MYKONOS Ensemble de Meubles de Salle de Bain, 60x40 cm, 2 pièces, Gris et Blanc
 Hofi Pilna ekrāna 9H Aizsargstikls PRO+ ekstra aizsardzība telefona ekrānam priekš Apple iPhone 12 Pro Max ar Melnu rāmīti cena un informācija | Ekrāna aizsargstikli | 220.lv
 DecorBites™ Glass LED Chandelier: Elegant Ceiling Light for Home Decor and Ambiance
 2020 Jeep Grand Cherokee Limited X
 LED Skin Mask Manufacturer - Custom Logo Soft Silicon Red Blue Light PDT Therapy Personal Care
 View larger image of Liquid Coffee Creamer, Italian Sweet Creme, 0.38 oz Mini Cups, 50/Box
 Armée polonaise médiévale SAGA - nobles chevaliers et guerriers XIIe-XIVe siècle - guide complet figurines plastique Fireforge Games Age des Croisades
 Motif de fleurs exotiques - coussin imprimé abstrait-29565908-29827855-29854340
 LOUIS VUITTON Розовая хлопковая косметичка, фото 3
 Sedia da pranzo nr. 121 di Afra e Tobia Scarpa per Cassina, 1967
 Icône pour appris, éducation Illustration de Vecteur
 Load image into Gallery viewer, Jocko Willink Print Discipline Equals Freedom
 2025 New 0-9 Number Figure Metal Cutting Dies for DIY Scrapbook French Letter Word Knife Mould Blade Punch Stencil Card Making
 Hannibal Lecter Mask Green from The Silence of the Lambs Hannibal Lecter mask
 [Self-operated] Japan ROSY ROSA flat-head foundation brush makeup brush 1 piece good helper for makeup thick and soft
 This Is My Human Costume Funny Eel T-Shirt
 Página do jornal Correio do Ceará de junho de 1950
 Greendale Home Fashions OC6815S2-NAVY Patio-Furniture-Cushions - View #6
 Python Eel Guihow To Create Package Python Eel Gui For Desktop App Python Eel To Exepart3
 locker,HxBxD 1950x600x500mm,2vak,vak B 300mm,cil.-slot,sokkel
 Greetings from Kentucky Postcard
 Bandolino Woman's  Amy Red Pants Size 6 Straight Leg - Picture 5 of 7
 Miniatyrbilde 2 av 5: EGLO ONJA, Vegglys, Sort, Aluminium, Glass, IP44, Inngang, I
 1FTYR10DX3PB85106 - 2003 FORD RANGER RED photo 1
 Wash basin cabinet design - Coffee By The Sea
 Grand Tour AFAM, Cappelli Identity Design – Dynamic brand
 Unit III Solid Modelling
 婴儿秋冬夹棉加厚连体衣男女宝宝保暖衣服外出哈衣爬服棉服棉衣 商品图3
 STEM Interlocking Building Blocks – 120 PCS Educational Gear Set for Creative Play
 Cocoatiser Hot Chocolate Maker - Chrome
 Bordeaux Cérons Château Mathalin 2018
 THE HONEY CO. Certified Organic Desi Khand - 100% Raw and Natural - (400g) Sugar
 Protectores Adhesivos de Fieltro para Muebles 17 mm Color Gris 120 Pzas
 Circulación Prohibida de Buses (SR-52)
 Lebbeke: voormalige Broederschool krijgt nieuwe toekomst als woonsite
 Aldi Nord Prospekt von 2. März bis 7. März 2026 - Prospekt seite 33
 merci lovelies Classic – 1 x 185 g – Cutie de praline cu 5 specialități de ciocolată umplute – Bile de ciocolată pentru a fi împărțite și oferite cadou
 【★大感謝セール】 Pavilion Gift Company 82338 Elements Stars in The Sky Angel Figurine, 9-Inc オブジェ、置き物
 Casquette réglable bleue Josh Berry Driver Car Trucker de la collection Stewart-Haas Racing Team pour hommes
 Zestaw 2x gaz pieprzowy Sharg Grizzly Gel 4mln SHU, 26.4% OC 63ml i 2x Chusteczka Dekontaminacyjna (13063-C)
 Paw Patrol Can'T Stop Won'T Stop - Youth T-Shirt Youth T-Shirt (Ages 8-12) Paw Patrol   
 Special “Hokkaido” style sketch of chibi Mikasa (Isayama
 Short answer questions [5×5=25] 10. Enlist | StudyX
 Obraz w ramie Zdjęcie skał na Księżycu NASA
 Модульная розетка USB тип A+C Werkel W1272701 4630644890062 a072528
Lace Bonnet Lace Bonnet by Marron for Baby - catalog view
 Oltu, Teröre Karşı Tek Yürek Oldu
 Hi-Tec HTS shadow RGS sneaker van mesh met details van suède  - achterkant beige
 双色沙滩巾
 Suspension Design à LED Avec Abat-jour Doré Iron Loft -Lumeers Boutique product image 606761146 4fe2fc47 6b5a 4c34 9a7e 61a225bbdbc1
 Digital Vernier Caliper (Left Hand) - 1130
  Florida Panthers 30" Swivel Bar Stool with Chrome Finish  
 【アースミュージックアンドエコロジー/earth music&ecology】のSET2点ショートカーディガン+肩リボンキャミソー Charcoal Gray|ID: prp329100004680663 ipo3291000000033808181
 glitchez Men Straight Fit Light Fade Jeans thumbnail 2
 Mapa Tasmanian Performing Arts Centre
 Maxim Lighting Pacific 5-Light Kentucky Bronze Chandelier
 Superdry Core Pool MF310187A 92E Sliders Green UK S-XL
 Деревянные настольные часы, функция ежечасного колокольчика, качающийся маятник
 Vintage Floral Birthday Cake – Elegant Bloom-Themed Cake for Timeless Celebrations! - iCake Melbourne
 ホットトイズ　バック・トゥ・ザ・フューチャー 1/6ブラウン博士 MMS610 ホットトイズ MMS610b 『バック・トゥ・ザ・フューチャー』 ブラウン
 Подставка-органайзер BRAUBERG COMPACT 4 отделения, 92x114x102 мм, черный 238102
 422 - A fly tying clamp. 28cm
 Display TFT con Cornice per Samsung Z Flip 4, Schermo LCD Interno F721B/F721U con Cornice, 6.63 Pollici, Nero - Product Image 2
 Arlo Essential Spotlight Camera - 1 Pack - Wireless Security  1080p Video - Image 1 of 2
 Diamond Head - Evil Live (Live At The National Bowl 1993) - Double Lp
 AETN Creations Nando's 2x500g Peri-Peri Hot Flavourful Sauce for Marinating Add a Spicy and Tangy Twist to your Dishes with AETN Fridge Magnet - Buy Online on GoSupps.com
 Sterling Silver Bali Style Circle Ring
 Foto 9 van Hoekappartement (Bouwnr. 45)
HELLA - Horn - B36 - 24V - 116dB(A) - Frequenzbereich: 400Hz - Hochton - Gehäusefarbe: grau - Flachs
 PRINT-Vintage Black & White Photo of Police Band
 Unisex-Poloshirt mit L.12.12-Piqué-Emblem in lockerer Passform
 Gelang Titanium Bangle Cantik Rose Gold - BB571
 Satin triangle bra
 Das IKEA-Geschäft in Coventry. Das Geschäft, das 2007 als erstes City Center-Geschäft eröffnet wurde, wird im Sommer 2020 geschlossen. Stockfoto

What the task requires => Wherever the line holding "Gray|ID: prp329100004680663 ipo3291000000033808181" falls in the entries above, copy exactly from it through the line holding "Superdry Core Pool", inclusive, and add nothing.

Finished exercise =>
 【アースミュージックアンドエコロジー/earth music&ecology】のSET2点ショートカーディガン+肩リボンキャミソー Charcoal Gray|ID: prp329100004680663 ipo3291000000033808181
 glitchez Men Straight Fit Light Fade Jeans thumbnail 2
 Mapa Tasmanian Performing Arts Centre
 Maxim Lighting Pacific 5-Light Kentucky Bronze Chandelier
 Superdry Core Pool MF310187A 92E Sliders Green UK S-XL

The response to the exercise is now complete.